Title: The Coroner
Author: M R Hall
Publisher: Macmillan 
No. of pages: 422
Jenny Cooper is the newly appointed Coroner for the Severn Vale district of England. Her predecessor died suddenly after dealing with the deaths of two young teenagers who had both spent time in a local youth correctional facility. One, a young boy, was reported to have committed suicide while at the institution and a young girl died seemingly of a heroin overdose shortly after her own stint in the same place. Cooper, recently divorced and recovering from a breakdown and the onset of anxiety attacks, becomes convinced that something untoward led to the two cases being closed so quickly and decides to re-open the investigations.
The book doesn’t fit neatly into any of the established crime fiction sub genres as it tackles the solving of crime from the perspective of a Coroner which, in England, is still a purely legal position similar to a judge or magistrate (in the US the role has in many jurisdictions merged the legal aspects of the job with the medical examiner’s duties). The book does a great job of highlighting this rather unique role in modern justice where the only goal is to determine a person’s cause of death and any criminal charges that might arise from that finding are someone else’s responsibility. Hall does maintain a decent level of tension and interest in what could have become a dry subject bogged down in legal minutiae.
My problem with the plot didn’t lie in the legal details but rather in what felt to me like a bit of overly forced leading of readers down an emotional path. The victims are depicted in a fairly one-dimensional and stereotypical way. The only sense we’re given of them is that they were both troubled, the young boy who died while in custody particularly so, but there’s no real sense of them as individuals. Occasional passages showing the young boy’s mother to be less than perfect, although loving, seemed to have been inserted almost as a dare to readers, and indeed to Cooper herself, to be anything other than outraged at the treatment of the young people. However it always felt like Cooper’s primary goal was her own crusade to get her life back together and the book didn’t give me enough to develop anything more than a detached curiosity about the resolution of the investigations. It tried, I think, to build a real sense of the injustices that can occur within a poorly funded justice system where no one is overtly evil but everyone is too consumed with protecting their own interests than in finding out the truth but I never quite bought it.
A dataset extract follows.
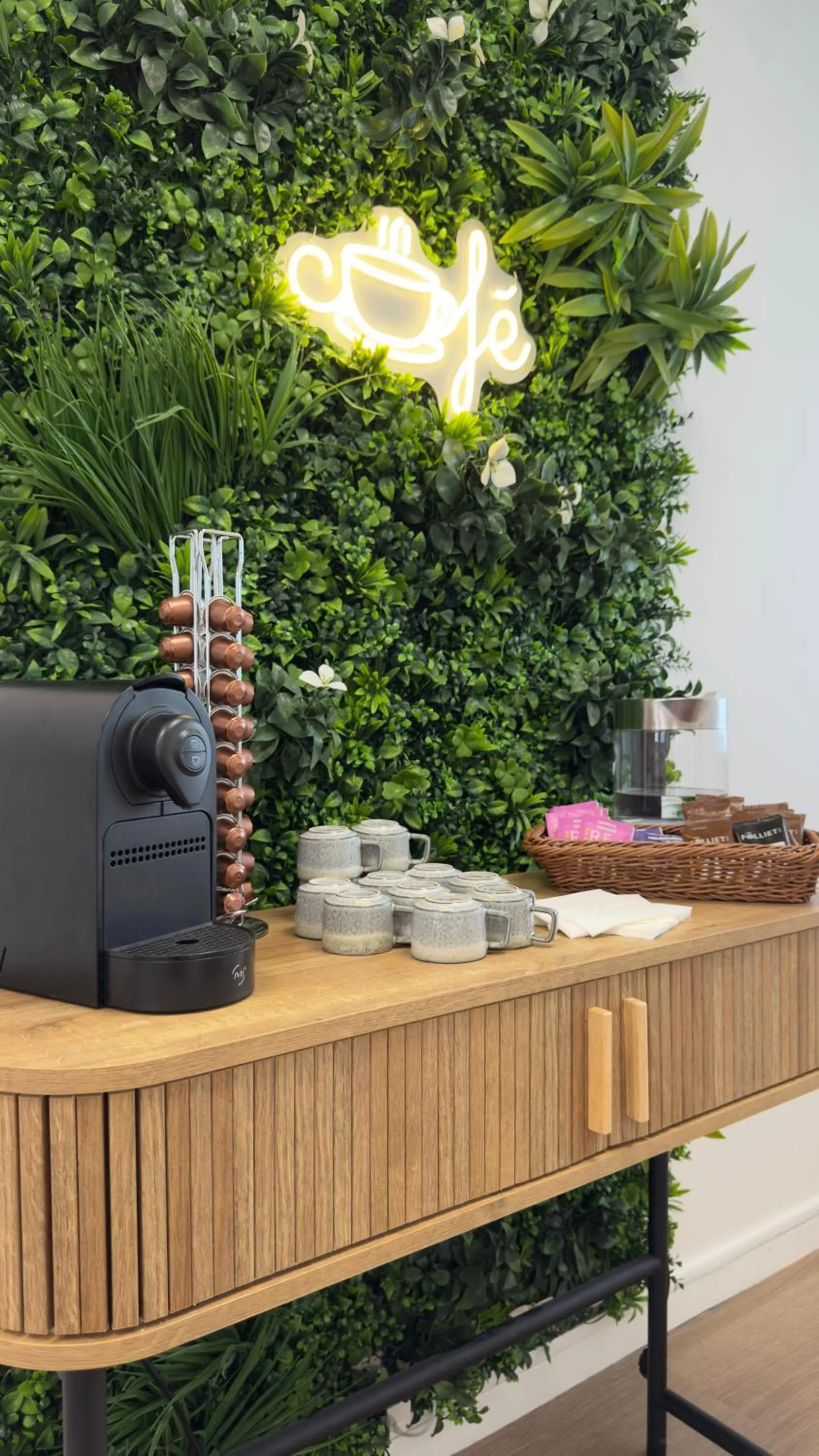 Coffee/tea facilities in Best Western Voiron Centre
The female characters in this book are well developed and depicted. Jenny Cooper’s struggle to function normally while dealing with her depression and anxiety is very credibly portrayed. At times in her professional work however she’s utterly naïve and as petulant as a 4-year old which I found pretty unrealistic for someone who is supposed to have been a family lawyer in the public system for 15 years. Having divorced her controlling husband and barely maintaining a relationship with her own teenage son she develops some new relationships with other women including Alison, her Court Officer who she treats quite shabbily to begin with, and a journalist whose been looking into one of the cases that Cooper decides to re-open. Her supposed love interest, Steve the ageing hippy, didn’t really ring true for me and in fact most of the men are either evil, incompetent or irrelevant which is interesting for a book written by a bloke (cannily using his initials to disguise that fact).
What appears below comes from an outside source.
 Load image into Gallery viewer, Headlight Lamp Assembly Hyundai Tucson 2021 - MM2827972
I first added this book to my ‘must read’ list after hearing it discussed with much praise on the BBC 5 Live Books Podcast back in January. This undoubtedly led to me having quite high expectations which is something I try to avoid because, as happened here, the book didn’t quite live up to them. It was by no means bad, and I’ll certainly look out for the next one in the series which is apparently due out in December, but I did feel that parts of the plot were designed too pointedly to elicit outrage without much genuine emotion on offer within the story itself. However the portrayal of a little-known arm of the judicial system was first rate and I think Hall has a real ability to create interesting characters, at least female ones.
My rating 3.5/5
For a different view of this fascinating role within our judicial systems you could try one of my favourite Aussie crime shows on TV. State Coroner ran for two seasons in the late 1990’s and took place in a fictional state Coroner’s Court. It has some fine Aussie Actors (Wendy Hughes in the title role) and the first season is available on DVD for those interested.